In full and without change, retype the records.
::::::
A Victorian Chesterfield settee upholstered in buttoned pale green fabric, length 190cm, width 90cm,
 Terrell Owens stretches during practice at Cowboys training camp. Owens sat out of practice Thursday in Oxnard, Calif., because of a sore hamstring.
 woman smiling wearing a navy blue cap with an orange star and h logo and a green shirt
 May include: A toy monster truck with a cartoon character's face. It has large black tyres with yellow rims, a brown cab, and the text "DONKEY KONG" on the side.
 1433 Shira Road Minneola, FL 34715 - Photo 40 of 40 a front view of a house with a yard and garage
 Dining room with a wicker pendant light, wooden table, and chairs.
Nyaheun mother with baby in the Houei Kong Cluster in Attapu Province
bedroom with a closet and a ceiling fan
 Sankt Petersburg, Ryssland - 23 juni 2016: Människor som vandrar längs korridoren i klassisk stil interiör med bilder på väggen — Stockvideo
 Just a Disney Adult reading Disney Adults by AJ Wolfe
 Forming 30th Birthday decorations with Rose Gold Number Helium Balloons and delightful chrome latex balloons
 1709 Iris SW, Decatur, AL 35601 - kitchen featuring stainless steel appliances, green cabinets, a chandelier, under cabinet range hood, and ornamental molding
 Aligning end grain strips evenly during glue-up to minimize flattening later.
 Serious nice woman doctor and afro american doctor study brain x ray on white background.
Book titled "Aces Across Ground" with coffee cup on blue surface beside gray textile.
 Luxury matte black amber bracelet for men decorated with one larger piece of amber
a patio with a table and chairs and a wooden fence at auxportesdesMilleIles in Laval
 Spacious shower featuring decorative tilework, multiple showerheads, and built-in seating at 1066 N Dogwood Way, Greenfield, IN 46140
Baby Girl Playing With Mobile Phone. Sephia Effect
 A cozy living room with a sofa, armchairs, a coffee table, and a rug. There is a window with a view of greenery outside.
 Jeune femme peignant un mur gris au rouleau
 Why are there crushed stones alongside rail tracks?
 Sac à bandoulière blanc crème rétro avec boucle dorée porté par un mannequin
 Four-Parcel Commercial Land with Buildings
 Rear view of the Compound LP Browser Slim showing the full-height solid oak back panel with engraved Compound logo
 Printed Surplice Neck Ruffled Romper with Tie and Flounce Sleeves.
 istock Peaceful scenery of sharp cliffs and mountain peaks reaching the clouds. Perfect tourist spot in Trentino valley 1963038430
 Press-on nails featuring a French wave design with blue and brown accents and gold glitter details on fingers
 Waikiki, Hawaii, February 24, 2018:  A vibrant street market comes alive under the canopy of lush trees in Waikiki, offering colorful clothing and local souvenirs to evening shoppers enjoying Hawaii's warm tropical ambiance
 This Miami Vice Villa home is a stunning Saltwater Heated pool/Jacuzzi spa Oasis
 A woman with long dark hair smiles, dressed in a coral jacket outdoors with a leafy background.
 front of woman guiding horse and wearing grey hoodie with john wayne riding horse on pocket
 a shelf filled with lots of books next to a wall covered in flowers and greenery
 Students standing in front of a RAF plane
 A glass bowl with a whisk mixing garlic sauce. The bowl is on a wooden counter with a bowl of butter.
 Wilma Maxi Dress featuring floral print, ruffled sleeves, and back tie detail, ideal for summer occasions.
::::::
» **Result of this task**
A Victorian Chesterfield settee upholstered in buttoned pale green fabric, length 190cm, width 90cm,
 Terrell Owens stretches during practice at Cowboys training camp. Owens sat out of practice Thursday in Oxnard, Calif., because of a sore hamstring.
 woman smiling wearing a navy blue cap with an orange star and h logo and a green shirt
 May include: A toy monster truck with a cartoon character's face. It has large black tyres with yellow rims, a brown cab, and the text "DONKEY KONG" on the side.
 1433 Shira Road Minneola, FL 34715 - Photo 40 of 40 a front view of a house with a yard and garage
 Dining room with a wicker pendant light, wooden table, and chairs.
Nyaheun mother with baby in the Houei Kong Cluster in Attapu Province
bedroom with a closet and a ceiling fan
 Sankt Petersburg, Ryssland - 23 juni 2016: Människor som vandrar längs korridoren i klassisk stil interiör med bilder på väggen — Stockvideo
 Just a Disney Adult reading Disney Adults by AJ Wolfe
 Forming 30th Birthday decorations with Rose Gold Number Helium Balloons and delightful chrome latex balloons
 1709 Iris SW, Decatur, AL 35601 - kitchen featuring stainless steel appliances, green cabinets, a chandelier, under cabinet range hood, and ornamental molding
 Aligning end grain strips evenly during glue-up to minimize flattening later.
 Serious nice woman doctor and afro american doctor study brain x ray on white background.
Book titled "Aces Across Ground" with coffee cup on blue surface beside gray textile.
 Luxury matte black amber bracelet for men decorated with one larger piece of amber
a patio with a table and chairs and a wooden fence at auxportesdesMilleIles in Laval
 Spacious shower featuring decorative tilework, multiple showerheads, and built-in seating at 1066 N Dogwood Way, Greenfield, IN 46140
Baby Girl Playing With Mobile Phone. Sephia Effect
 A cozy living room with a sofa, armchairs, a coffee table, and a rug. There is a window with a view of greenery outside.
 Jeune femme peignant un mur gris au rouleau
 Why are there crushed stones alongside rail tracks?
 Sac à bandoulière blanc crème rétro avec boucle dorée porté par un mannequin
 Four-Parcel Commercial Land with Buildings
 Rear view of the Compound LP Browser Slim showing the full-height solid oak back panel with engraved Compound logo
 Printed Surplice Neck Ruffled Romper with Tie and Flounce Sleeves.
 istock Peaceful scenery of sharp cliffs and mountain peaks reaching the clouds. Perfect tourist spot in Trentino valley 1963038430
 Press-on nails featuring a French wave design with blue and brown accents and gold glitter details on fingers
 Waikiki, Hawaii, February 24, 2018:  A vibrant street market comes alive under the canopy of lush trees in Waikiki, offering colorful clothing and local souvenirs to evening shoppers enjoying Hawaii's warm tropical ambiance
 This Miami Vice Villa home is a stunning Saltwater Heated pool/Jacuzzi spa Oasis
 A woman with long dark hair smiles, dressed in a coral jacket outdoors with a leafy background.
 front of woman guiding horse and wearing grey hoodie with john wayne riding horse on pocket
 a shelf filled with lots of books next to a wall covered in flowers and greenery
 Students standing in front of a RAF plane
 A glass bowl with a whisk mixing garlic sauce. The bowl is on a wooden counter with a bowl of butter.
 Wilma Maxi Dress featuring floral print, ruffled sleeves, and back tie detail, ideal for summer occasions.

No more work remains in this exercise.